ModuleNotFoundError: No module named 'imblearn'

Importing Dataset

In [None]:
# conn = sq.connect("/content/database.sqlite")

# # to identify object names present in SQLite DB
# cursor = conn.cursor()
# query  = "SELECT name from sqlite_master"
# cursor.execute(query)
# cursor.fetchall()

In [None]:
# data = pd.read_sql_query('SELECT * FROM REVIEWS', conn)
data = pd.read_csv('/content/drive/MyDrive/Amazon-Fine-Food-Reviews.csv')

print(data.head(3))
print(data.shape)

In [None]:
# conn.close()            #closing SQlite connection

In [None]:
#saving dataset in CSV format
# data.to_csv('Amazon-Fine-Food-Reviews.csv')

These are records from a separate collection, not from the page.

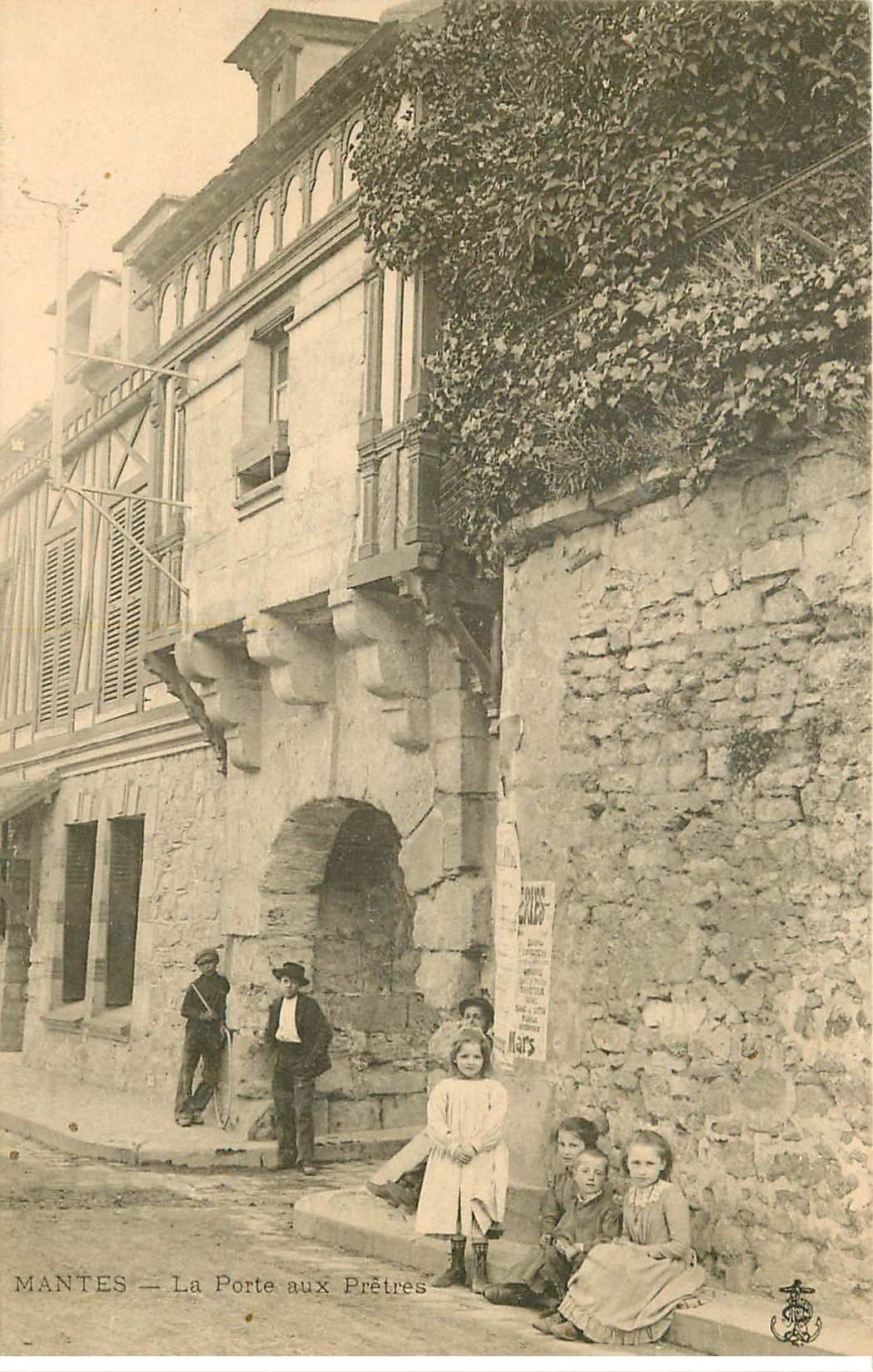 78 MANTES. La Porte aux Prêtres vers 1900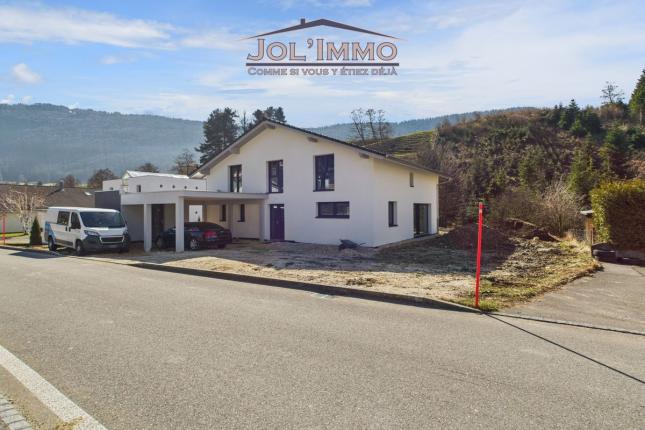 House for sale in Court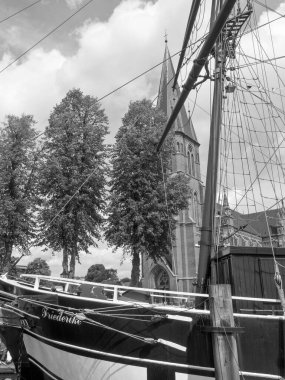 Nehrin kıyısındaki Papenburg şehrinde.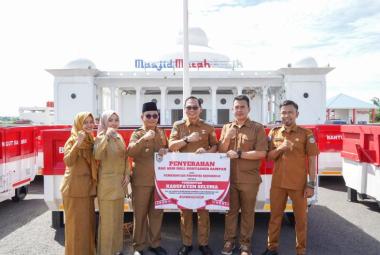 Pemkab Seluma Terima Bantuan Arm Roll dan Kontainer Sampah dari Pemprov Bengkulu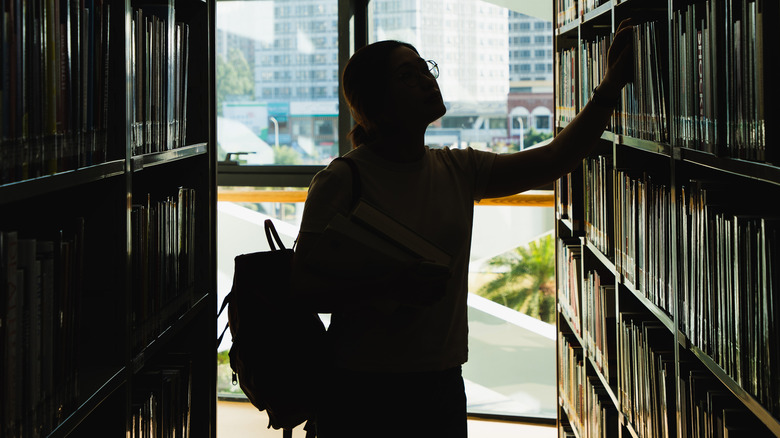 Femme dans une bibliothèque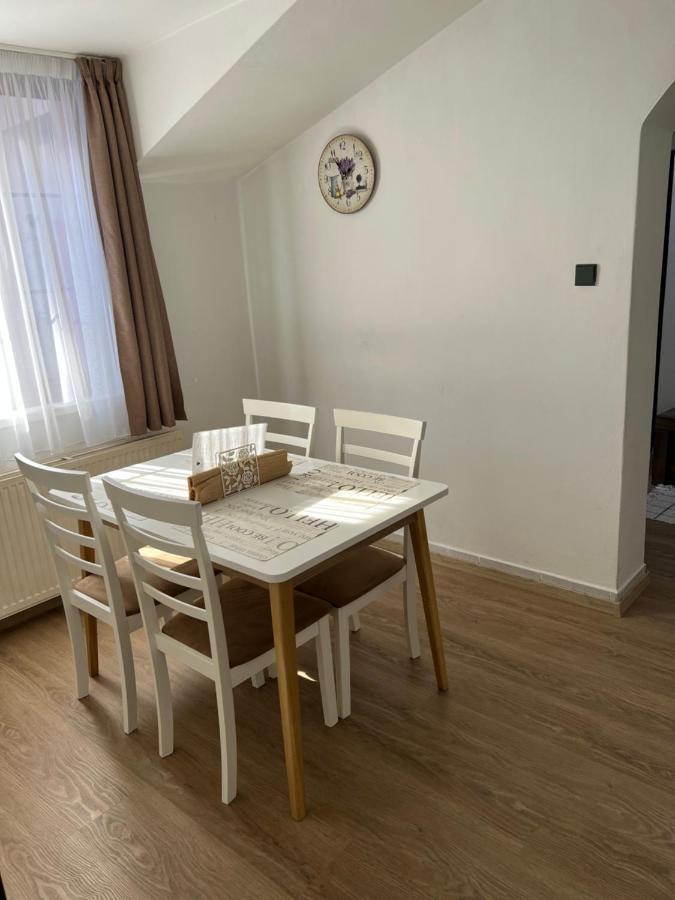 Gran Hostel Banská Bystrica Eksteriør bilde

#568454 rows are present in dataset.
# checking count and no of distinct target outputs present in target column
data['Score'].value_counts()

In [None]:
count = data['Score'].value_counts()
type(count)

In [None]:
#Function for bar plot
def bar_plot(x,y,width,xlabel,ylabel,label,color):
    plt.bar(x,y,width=width,color=color,label=label)
    plt.xlabel(xlabel)
    plt.ylabel(ylabel)
    plt.legend()
    plt.show()

In [None]:
bar_plot(count.keys(),count.values,0.25,'Score','Frequency','Frequency of each rating score','blue')

In [None]:
# considering score > 3 as positive sentiment , <3 as negative sentiment and =3 as neutral.

df = data[data['Score']!=3]  #Removing neutral reviews from the dataset
print(df['Score'].value_counts())
print(df.shape)


In [None]:
# % of data retained
print((df.shape[0]*100)/data.shape[0],"%")
val = df['Score'].value_counts()
bar_plot(val.keys(),val.values,0.25,'Score','Frequency','Frequency of each rating score','green')

In [None]:
df.head()

In [None]:
len(df['UserId'].unique())  # no of unique userids

In [None]:
# removing duplicates reviews from same user for a particular product
df_new = df.drop_duplicates(subset=['ProductId','UserId','Text','ProfileName'], keep='first')
df_new.shape

In [None]:
print('No of duplicate reviews = ', df.shape[0]-df_new.shape[0])

In [None]:
# Helpfulness Numerator : Number of Peoples who found the review helpful to them.
# Helpfulness Denominator : Number of Peoples indicated whether they found the review helpful or not.
# Since helpfulness Numerator can't be more than Helpfull Denominator , we will be removing such record
print(len(df_new[df_new['HelpfulnessNumerator']>df_new['HelpfulnessDenominator']]))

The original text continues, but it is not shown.